Partitioned Global Address Space (PGAS) library for distributed arrays
http://hpc.pnl.gov/globalarrays/
Other
97 stars 38 forks source link

Fix gethostid returning the same val on different hosts #258

Closed fancer closed 3 weeks ago

fancer commented 2 years ago

It's possible to have the HPC host IDs improperly initialized. In that case the gethostid() method may return the same values on different hosts causing the GA runtime error like:

_malloc_semaphore: sem_open: No such file or directory [0] Received an Error in Communication: (-2) _malloc_semaphore: sem_open

One of our systems has that misbehaviour caused by the /etc/hostid file initialized with 8-chars string differing only in the tail four chars while the gethostid() reads the first four bytes only expecting them to indicate an unique host ID. As a result the Global Arrays MPI PT/PR/MT setups failed to run on greater than one cluster node.

We suggest to fix it by locally reading the hostid content and by taking the whole string (up to 32 bytes) into account when calculating the host IDs detected on the nodes involved in the GA communications. If there is no /etc/hostid file found the /etc/machine-id file will be used (it's initialized by systemd on the hosts bootup procedure). If none of these files is detected then the gethostid() method will be utilized, which aside with checking the /etc/hostid file availability will try to calculate the IP-address-based host ID.

Note this change has been tested on the system with 8-chars long /etc/hostid content and GA built with --with-mpi-pt and --with-mpi-pr parameters.

edoapra commented 2 years ago

@fancer The pull request should be made from your develop branch against develop

fancer commented 2 years ago

@edoapra alas I can't change the source branch of the PR. So what do you suggest then? Create a new PR (then this one will need to be closed) or rebase my master branch on top of the original develop branch?

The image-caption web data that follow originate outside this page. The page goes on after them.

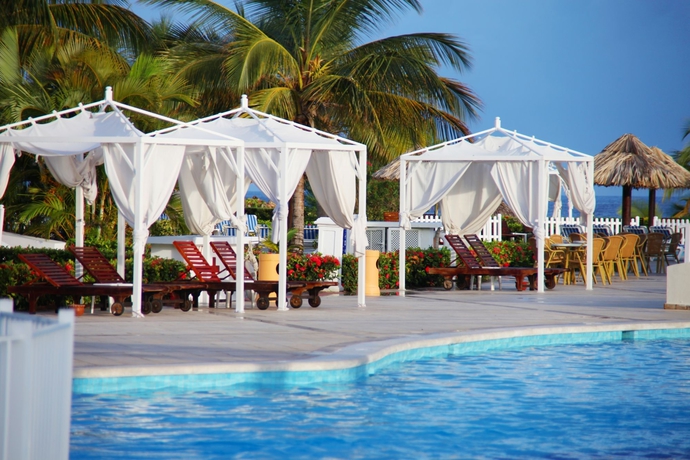 Imagen de la piscina del Hotel Bahia Principe Grand Jamaica - All Inclusive. Foto 13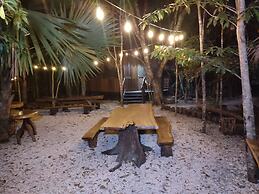 Aldea Maya-Ha Cabañas con cenotes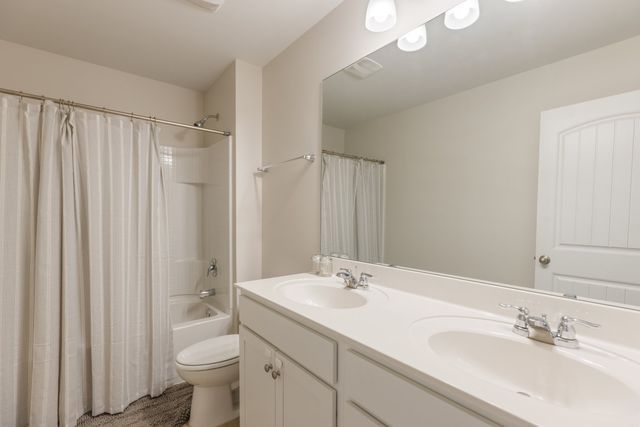 905 Aberdeen Ct, Columbia, TN 38401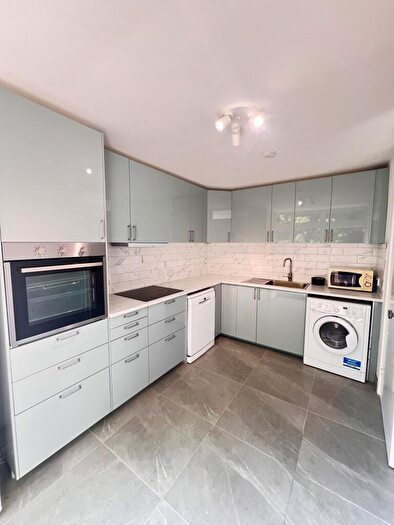 2 Bedroom Property To Rent In Finchley Park, London, N12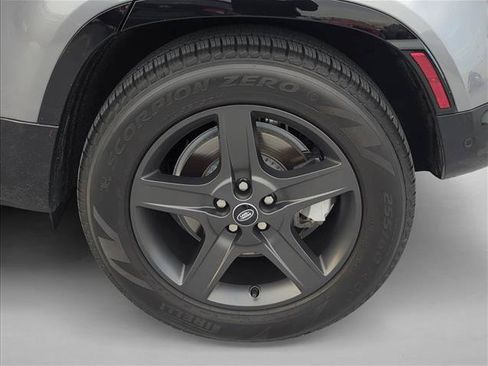 Used 2023 Land Rover Defender 110 X-Dynamic SE AWD/4WD image 8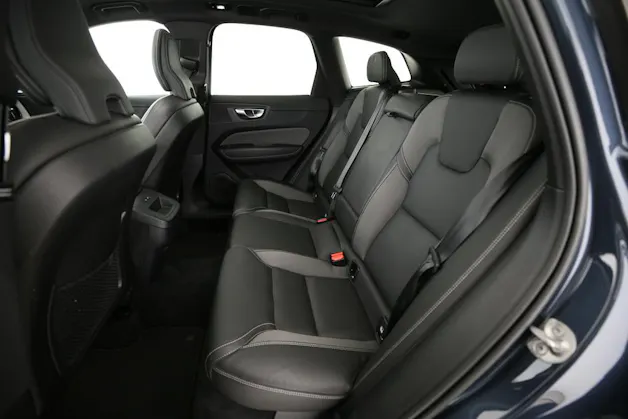 VOLVO XC60 2.0 B4 MH Plus Dark AWD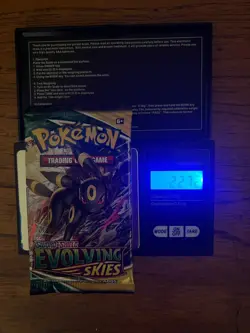 Pokemon TCG: Sword & Shield - Evolving Skies Very Heavy (22.72g) Booster Pack 820650808777 - Image 1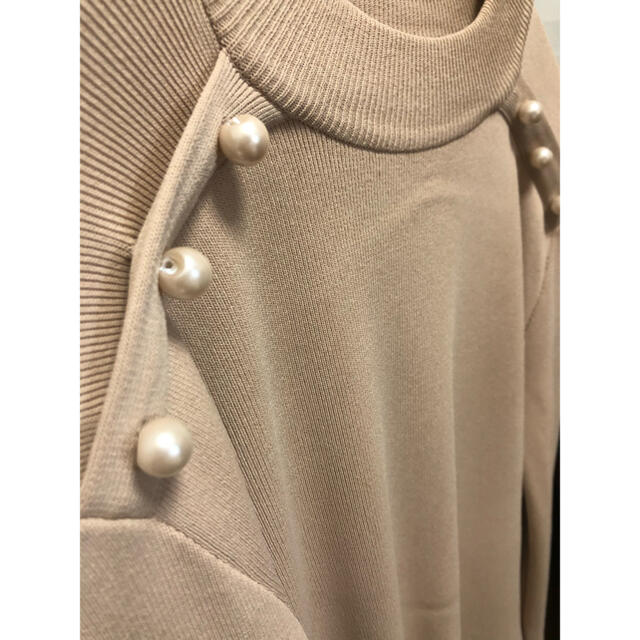 BARNEYS NEW YORK(バーニーズニューヨーク)のBORDERS at BALCONY PEARL TOP BEIGE  レディースのトップス(シャツ/ブラウス(長袖/七分))の商品写真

fancer commented 2 years ago

@fancer The pull request should be made from your develop branch against develop

@edoapra I force-pushed my master branch with the changes in your develop branch and rebased my patch on top of it. After that I changed the base branch of this PR to the develop one. Now the PR looks the way you requested except the source branch is still master since I can't change it. When you get to merge this PR I'll force-get my master branch back to the normal state.

jeffhammond commented 3 weeks ago

@ajaypanyala does this fix the Polaris issue you mentioned?

ajaypanyala commented 3 weeks ago

I have not tried this PR on Polaris. I just realized I do not have a Polaris allocation anymore to test this.

ajaypanyala commented 3 weeks ago

This will be fixed in a future PR (probably using a different solution).